I think communications is the right overall idea. A lot of problems come down to large matrix-multiplication or other large-scale compute problems. But a lot of radio circuits (ex: Bluetooth, LoRa, Zigbee, etc. etc.) already have ASICs. Perhaps communication protocols itself need experimentation, and FPGAs are best at that?

I do think that a low-cost, low-latency, low-power communication protocol should be invented for wired communications, or infrared, etc. etc.
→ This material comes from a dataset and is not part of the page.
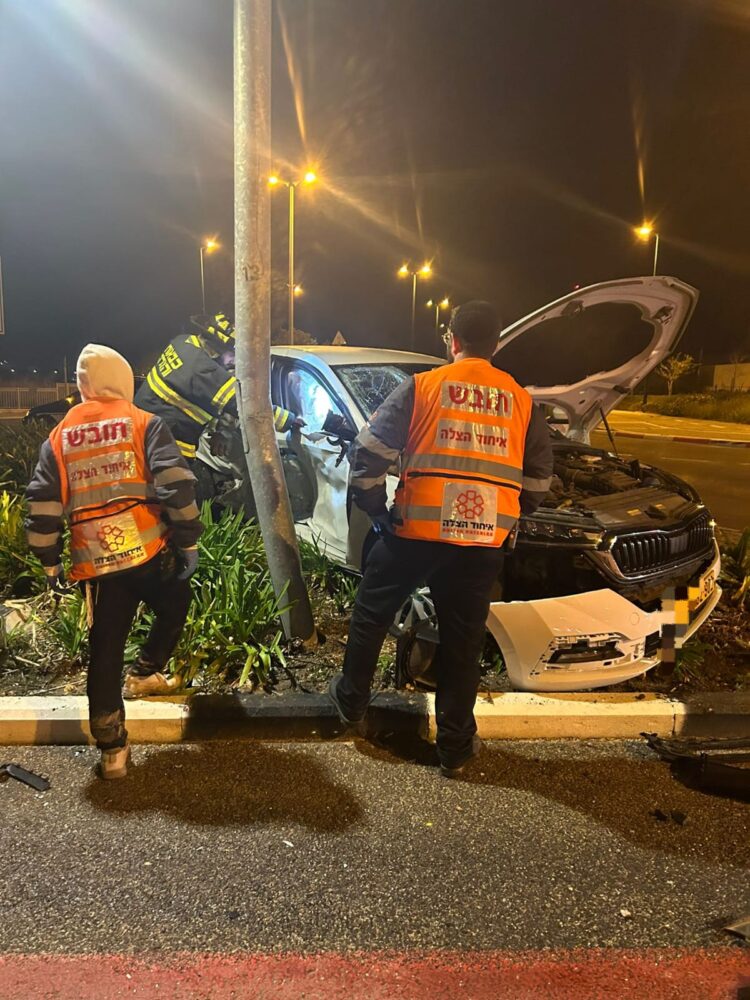 תאונת דרכים באזור חיפה (צילום: איחוד הצלה)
And that might make more sense to FPGA-out rather than using a microprocessor / SIMD / ARM-Neon on.



The number of compute-focused applications that are better on FPGA is going to be tiny. Doubly so if low-end, triply so if not real-time.

FPGAs shine in hard real-time applications and as "EE Duct Tape," but almost never as raw compute, even if your utilization is rather high. If you need to slurp in data from a bunch of ADCs at many GB/s and do signal processing without missing a sample, FPGA shine. Radar, sonar, signal analyzers, beam forming, that sort of thing. If you need to connect PC buses (PCIe, Ethernet) together in a novel fashion, say because you are prototyping a new PC chip or router or building AWS, then FPGAs shine. The moment volume gets high, the scales tip back towards ASICs, but many important applications are intrinsically low volume. Often in prototyping, but sometimes in deployment too. How many F-22s exist? Only about 200. Custom chips wouldn't come close to filling a FOUP, so you can bet your bottom that they (and the labs that engineered them) are full of FPGAs.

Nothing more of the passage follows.